REQUIREMENT:
Return each line of the records below in which the string "Ultra" turns up.

***** SUPPLIED MATERIAL

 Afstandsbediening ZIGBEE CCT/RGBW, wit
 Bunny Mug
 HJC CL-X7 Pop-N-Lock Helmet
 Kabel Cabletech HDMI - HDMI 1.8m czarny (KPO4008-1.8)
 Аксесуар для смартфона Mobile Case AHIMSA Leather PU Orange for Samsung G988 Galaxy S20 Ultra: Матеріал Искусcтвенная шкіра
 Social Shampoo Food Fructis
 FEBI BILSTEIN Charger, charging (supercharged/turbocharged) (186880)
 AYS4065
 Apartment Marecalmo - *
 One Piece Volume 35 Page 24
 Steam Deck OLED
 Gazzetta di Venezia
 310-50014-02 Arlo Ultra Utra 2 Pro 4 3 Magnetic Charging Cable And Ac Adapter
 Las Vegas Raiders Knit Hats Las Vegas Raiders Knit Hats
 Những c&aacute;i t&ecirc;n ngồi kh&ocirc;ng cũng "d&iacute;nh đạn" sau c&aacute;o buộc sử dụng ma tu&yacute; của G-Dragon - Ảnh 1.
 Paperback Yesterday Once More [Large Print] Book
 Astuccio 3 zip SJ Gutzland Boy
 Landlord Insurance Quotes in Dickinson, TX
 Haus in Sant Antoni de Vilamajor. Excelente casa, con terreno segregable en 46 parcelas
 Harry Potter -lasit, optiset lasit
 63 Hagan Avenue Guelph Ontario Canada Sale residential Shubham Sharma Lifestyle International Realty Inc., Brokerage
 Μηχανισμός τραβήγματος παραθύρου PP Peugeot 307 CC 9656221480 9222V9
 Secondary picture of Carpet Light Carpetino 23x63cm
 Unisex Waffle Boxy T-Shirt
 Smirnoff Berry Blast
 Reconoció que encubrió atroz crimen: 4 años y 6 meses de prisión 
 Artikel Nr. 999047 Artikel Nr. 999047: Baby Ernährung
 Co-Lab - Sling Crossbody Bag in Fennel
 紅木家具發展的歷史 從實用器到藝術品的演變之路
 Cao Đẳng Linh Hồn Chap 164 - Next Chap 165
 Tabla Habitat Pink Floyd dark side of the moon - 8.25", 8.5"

**********

COMPLETED TASK:
 Аксесуар для смартфона Mobile Case AHIMSA Leather PU Orange for Samsung G988 Galaxy S20 Ultra: Матеріал Искусcтвенная шкіра
 310-50014-02 Arlo Ultra Utra 2 Pro 4 3 Magnetic Charging Cable And Ac Adapter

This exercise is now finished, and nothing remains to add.